Aim of the task — Copy every line of the records below that holds the word "Luxury".

[Collected data entries]
────────────────

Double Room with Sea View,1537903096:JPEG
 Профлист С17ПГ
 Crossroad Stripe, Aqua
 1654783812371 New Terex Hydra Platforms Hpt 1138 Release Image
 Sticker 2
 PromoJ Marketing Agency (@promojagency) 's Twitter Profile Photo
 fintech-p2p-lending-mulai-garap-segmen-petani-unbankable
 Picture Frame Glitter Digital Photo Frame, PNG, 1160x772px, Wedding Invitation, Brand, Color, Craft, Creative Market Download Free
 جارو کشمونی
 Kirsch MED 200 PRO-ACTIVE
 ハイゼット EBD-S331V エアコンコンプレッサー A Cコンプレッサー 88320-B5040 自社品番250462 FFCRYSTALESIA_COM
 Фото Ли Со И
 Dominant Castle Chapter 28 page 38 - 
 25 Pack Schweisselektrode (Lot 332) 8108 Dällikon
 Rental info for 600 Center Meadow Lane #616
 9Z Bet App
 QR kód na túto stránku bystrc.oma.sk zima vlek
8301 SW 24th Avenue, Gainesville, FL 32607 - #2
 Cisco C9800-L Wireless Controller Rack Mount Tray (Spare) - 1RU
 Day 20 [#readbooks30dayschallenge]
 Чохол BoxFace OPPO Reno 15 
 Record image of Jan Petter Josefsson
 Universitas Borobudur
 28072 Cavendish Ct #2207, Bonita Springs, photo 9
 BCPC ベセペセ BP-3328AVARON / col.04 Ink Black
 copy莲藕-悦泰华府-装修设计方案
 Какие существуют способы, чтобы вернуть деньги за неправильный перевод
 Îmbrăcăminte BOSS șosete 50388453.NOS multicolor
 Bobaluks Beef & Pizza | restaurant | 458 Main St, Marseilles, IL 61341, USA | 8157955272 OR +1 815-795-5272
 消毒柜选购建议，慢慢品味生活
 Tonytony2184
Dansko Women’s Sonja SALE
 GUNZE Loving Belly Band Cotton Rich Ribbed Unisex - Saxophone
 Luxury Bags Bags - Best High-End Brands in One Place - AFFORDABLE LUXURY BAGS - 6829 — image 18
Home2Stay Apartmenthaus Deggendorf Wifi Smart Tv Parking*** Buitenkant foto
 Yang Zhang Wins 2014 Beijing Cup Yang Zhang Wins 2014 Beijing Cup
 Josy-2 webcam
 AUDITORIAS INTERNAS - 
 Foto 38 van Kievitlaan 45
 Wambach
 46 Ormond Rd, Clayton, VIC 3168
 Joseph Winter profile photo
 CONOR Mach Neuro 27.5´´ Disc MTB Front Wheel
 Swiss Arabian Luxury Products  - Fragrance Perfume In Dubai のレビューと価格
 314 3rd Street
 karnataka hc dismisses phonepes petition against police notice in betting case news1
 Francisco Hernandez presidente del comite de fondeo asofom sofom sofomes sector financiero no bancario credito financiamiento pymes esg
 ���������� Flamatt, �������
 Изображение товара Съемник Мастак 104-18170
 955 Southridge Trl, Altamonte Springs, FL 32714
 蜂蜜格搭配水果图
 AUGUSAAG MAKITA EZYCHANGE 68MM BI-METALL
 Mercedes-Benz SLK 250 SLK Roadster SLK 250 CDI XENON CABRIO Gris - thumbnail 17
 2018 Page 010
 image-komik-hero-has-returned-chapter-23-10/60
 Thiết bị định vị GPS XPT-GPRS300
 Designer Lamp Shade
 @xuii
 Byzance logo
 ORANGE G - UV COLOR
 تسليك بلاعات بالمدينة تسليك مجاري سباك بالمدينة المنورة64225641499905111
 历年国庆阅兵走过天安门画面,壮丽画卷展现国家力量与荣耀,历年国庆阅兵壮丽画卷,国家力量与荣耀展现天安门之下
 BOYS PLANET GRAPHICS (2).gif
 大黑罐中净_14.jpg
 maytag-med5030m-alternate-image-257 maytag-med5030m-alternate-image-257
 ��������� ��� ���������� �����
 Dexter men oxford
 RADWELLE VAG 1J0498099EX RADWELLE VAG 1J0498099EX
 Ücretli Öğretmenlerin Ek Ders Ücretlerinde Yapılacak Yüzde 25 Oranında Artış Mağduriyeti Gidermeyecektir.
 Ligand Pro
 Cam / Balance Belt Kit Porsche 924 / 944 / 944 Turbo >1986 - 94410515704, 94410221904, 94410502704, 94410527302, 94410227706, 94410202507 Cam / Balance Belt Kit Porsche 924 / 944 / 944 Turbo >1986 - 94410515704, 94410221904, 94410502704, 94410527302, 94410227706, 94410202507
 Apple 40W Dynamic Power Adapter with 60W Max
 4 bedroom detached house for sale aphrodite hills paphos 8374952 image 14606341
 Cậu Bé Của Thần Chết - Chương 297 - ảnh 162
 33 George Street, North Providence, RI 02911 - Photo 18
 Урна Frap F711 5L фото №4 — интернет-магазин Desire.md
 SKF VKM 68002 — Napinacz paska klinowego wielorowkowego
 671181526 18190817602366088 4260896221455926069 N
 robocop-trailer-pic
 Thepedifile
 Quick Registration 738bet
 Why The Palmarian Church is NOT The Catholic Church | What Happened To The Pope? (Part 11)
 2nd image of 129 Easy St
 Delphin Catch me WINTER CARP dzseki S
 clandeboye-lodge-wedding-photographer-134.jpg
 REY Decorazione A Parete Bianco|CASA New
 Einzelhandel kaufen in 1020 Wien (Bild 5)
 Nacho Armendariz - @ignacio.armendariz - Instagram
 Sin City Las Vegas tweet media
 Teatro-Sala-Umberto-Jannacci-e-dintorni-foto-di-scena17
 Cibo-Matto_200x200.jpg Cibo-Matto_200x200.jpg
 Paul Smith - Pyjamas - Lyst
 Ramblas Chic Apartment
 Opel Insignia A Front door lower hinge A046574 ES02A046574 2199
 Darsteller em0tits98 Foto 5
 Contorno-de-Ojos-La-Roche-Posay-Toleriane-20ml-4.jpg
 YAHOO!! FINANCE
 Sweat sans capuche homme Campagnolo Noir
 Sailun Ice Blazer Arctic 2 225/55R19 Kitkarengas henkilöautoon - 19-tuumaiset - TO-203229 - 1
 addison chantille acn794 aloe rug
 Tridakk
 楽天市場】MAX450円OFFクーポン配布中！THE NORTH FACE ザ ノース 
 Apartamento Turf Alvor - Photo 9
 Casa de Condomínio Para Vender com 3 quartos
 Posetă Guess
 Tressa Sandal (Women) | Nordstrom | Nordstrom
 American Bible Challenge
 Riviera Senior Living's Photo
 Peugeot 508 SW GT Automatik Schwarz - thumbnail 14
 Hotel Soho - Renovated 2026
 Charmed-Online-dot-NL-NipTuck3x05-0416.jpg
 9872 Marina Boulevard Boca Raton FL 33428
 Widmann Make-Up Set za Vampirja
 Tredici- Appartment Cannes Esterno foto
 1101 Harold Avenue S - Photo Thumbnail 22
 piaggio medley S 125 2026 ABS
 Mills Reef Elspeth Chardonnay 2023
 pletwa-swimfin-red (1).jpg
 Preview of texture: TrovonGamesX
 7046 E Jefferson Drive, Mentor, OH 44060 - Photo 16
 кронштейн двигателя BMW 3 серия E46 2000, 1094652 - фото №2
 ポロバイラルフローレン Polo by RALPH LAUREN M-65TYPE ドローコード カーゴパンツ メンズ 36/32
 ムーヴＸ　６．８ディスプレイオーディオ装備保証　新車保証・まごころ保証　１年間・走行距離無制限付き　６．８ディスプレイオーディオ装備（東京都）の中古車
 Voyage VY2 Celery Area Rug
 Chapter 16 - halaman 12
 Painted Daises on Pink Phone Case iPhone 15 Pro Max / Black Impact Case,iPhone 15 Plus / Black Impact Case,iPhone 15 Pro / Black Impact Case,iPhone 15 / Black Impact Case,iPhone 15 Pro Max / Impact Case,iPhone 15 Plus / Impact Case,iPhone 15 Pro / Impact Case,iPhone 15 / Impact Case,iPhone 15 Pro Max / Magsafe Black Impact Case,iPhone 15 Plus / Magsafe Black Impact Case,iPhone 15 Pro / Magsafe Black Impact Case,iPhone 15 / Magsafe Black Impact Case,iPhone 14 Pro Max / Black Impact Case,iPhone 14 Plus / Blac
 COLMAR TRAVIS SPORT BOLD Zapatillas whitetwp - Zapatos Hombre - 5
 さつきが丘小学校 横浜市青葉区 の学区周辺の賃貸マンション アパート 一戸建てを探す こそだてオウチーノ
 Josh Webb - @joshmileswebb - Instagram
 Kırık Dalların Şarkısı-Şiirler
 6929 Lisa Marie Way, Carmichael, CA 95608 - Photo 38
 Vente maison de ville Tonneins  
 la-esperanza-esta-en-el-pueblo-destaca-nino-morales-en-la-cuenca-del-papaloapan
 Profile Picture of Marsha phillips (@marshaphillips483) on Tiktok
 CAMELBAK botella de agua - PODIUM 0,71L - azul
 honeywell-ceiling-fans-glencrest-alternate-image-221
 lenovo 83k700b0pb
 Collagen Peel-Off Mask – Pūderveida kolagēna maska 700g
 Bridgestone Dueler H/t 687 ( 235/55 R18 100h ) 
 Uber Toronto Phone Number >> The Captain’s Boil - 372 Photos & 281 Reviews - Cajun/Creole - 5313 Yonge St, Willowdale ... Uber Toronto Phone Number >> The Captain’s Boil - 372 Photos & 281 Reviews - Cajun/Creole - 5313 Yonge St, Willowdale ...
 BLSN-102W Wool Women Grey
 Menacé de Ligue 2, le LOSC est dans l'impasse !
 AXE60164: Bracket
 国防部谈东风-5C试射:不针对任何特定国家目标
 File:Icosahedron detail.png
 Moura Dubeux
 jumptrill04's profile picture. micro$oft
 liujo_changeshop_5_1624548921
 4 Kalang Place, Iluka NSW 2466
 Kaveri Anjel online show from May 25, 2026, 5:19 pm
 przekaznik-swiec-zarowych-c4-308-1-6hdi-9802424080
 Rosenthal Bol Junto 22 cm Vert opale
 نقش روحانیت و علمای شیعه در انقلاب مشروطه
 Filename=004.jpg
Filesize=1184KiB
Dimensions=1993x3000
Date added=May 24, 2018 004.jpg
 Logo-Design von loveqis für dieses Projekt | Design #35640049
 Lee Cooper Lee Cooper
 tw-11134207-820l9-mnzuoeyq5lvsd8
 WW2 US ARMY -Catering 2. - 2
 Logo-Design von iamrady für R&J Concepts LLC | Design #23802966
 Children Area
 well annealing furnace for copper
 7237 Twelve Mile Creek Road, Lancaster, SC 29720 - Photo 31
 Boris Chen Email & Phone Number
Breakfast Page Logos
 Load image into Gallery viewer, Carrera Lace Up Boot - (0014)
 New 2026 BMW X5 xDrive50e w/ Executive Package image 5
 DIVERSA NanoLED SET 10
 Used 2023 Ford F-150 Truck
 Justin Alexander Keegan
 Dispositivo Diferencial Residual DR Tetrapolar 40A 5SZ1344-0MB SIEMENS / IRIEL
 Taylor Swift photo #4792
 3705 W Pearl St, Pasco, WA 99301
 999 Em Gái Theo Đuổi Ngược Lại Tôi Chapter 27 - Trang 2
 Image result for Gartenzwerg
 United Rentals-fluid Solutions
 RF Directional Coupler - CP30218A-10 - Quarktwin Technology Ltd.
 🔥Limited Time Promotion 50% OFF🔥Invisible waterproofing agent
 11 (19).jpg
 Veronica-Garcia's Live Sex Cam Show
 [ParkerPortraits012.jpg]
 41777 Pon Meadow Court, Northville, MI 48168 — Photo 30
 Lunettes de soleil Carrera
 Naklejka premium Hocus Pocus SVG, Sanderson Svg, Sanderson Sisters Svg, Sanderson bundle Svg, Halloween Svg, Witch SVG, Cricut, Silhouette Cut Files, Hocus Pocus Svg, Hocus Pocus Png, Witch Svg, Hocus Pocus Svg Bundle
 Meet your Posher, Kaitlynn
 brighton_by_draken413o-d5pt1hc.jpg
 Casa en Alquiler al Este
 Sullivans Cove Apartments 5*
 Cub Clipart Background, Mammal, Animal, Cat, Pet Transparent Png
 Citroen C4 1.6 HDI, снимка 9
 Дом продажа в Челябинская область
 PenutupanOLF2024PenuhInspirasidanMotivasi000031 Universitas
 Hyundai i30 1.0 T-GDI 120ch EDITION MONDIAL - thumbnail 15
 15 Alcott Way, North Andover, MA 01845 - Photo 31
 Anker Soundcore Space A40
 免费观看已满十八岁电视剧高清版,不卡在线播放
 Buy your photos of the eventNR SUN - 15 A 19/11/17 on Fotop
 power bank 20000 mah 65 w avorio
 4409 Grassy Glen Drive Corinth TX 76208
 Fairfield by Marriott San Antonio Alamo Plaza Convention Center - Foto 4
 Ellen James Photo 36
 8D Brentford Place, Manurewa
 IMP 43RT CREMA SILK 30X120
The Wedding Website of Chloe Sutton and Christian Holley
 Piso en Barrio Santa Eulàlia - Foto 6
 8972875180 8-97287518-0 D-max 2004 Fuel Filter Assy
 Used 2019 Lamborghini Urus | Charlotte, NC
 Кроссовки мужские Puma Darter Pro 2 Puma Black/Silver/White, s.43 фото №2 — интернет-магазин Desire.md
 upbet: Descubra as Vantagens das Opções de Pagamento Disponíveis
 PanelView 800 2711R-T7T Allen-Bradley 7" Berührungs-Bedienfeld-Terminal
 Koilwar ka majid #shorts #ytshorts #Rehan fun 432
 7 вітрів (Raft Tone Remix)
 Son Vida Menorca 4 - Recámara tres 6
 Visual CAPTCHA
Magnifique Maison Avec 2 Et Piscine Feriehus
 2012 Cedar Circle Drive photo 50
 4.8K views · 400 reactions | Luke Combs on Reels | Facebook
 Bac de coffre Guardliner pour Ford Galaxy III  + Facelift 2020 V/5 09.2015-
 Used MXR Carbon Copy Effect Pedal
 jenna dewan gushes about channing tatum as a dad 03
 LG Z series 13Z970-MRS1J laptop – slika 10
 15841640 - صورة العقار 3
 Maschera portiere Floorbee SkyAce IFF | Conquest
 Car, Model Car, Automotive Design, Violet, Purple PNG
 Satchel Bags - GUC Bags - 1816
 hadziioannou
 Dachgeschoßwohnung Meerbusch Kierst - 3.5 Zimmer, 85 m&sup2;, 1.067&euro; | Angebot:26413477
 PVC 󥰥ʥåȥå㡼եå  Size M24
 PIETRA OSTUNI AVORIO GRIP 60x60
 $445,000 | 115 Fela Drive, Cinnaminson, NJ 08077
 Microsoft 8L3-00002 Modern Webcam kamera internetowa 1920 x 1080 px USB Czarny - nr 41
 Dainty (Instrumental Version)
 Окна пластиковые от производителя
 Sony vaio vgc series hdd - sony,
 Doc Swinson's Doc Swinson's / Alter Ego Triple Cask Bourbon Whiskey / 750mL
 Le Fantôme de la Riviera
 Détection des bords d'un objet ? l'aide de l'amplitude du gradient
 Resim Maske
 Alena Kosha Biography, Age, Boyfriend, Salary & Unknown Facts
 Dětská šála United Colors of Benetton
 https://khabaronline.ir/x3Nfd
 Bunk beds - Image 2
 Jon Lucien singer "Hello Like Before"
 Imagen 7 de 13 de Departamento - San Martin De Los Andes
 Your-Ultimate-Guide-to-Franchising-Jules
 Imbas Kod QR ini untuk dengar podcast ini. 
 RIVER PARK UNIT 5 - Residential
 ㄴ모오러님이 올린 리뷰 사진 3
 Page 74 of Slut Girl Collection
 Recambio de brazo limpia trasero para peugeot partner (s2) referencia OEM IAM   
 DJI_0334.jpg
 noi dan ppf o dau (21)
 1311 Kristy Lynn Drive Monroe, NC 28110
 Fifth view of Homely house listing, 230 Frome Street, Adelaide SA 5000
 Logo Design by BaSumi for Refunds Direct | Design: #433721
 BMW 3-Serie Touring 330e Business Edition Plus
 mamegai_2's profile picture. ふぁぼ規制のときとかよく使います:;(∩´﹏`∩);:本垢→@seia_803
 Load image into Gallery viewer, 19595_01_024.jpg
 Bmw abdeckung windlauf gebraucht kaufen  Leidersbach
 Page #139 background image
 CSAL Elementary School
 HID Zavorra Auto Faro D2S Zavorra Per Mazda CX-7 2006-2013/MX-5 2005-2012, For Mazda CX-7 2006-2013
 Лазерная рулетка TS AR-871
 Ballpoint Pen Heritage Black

────────────────

Answer box —
 Luxury Bags Bags - Best High-End Brands in One Place - AFFORDABLE LUXURY BAGS - 6829 — image 18
 Swiss Arabian Luxury Products  - Fragrance Perfume In Dubai のレビューと価格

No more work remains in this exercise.